Photos by Amanda Naylor, PThreePhoto.com

Monday, April 4, 2011

She Stuck Her Arm WHERE?

I am a bit delayed in blogging this piece of news because I was too traumatized until now to find any humor in it whatsoever, but looking back...

It was Saturday evening.  Greg, Brooke, and I were at the farm.  I had planned to feed the horses while Greg and Brooke tried out their new behind-the-bike trailer: a wild and crazy Saturday night in the Holler household, to be sure!

While Greg spent  "five minutes" attaching the bike trailer to his bike for the first time, I went up to the horse pastures to start the evening feeding routine.  The horses heard us down at the barn and were already waiting impatiently around the gates for me to place their tubs of pellets in front of their big mouths attached to overweight equine physiques.

I set about preparing and serving their feed as quickly as possible...to the sounds of their irritated wickers and pawing hooves.  After listening to/watching them rudely biting, kicking, squealing, and fighting their way to individual tubs of feed, for a while, all that I heard was slurping and grinding of teeth, as they happily inhaled their food.

Immediately upon finishing, Finn slowly laid down with a groan, right in the mud.  It was unusual because he didn't roll; he just hunkered down.  I went into the pasture to check on him, and I got him to stand up, but he immediately buckled at the knees to go down again.  I shooed him, knowing that he was beginning to colic.  He plodded around--head low, stopping to kick at his stomach and swish his tail.  Not good.

I got out the halter and lead rope and proceeded to walk him around the farm to try to ease his gastrointestinal distress.  We walked for almost an hour before it became apparent that the vet would have to make an emergency trip to the farm to give Finn a shot of Banamine...at least.

Not only, in this situation was I fearful of the outcome for my sweet, talented, beloved (not to mention, only-horse-my-size) Finny...I was fearful of the expense of the emergency farm call.

Sidenote:  Having kept horses for more than 20 years now, I have never had worse luck with the horses' health than I have in the past few months.  We have spent more money on their veterinary care since January than we have in the past 5 years combined!

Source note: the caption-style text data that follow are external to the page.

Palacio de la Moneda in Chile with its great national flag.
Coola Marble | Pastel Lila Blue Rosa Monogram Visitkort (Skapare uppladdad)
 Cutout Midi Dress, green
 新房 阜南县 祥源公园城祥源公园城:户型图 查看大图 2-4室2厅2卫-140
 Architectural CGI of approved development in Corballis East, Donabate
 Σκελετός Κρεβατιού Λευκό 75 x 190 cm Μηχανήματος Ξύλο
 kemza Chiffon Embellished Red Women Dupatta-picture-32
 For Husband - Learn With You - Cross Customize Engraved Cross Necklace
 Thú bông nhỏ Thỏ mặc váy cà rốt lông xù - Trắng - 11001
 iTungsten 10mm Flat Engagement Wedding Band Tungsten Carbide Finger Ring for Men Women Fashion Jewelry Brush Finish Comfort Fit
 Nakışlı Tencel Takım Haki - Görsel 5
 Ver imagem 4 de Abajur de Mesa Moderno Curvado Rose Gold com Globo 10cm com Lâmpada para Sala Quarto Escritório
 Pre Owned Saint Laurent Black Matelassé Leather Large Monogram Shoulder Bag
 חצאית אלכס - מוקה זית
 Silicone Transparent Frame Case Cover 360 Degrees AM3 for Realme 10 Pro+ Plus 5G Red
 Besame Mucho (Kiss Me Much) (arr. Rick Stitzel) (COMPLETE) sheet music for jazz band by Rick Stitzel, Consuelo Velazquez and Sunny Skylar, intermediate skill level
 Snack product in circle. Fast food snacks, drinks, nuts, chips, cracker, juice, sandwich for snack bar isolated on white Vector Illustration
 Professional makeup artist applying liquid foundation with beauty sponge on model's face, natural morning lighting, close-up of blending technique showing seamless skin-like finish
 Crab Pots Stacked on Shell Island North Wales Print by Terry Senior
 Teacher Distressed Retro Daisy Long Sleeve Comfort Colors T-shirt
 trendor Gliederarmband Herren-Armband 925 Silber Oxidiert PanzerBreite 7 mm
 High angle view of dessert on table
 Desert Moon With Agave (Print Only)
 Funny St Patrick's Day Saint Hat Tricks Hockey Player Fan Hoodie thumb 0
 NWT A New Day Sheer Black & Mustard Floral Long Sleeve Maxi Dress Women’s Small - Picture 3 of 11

Forty-five minutes later, the doctor arrived.  She listened to Finn's heart, checked his respiration, and listened to his gut sounds.  She agreed that he was colicking, and she administered a shot of Banamine.  After this comfort measure, she decided to do an internal exam to make sure that there were no impactions in the palpable parts of Finn's intestinal tract.

She took off her coat.  She took off her wedding rings.  She put on a plastic glove that went the whole way up to her shoulder.  In an attempt to soothe the horse--who was surely having misgivings about this scenario--she told us all that she has very thin arms, and that the other vets in her practice call her "Olive Oyl" for this reason.

Well, she proceeded to stick her entire (albeit skinny) arm all of the way into Finn, via his rectum!  At one point, she asked for a step stool and a snorkel.  I kid you not.  I was only able to provide the step stool.

Thankfully, she did not find an impaction.  She gave Finn a dose of Gastrogaurd (probiotics) and told me to call her in the morning.

I went up to the house, where Greg and Brooke had been waiting for me for several hours, and relayed the story to everyone.  Greg was incredulous, "She stuck her arm...WHERE?"

I replied with the scientific response: "Up his butt."

"Up to her shoulder!"  Mike chimed in, clearly impressed.

"No way!  She put her whole arm up his butt?!  If I would have known this was going down, I would have been out there taking pictures..."

Then, ever the penny-pincher, "Up to her shoulder, huh?  Well, that sounds expensive."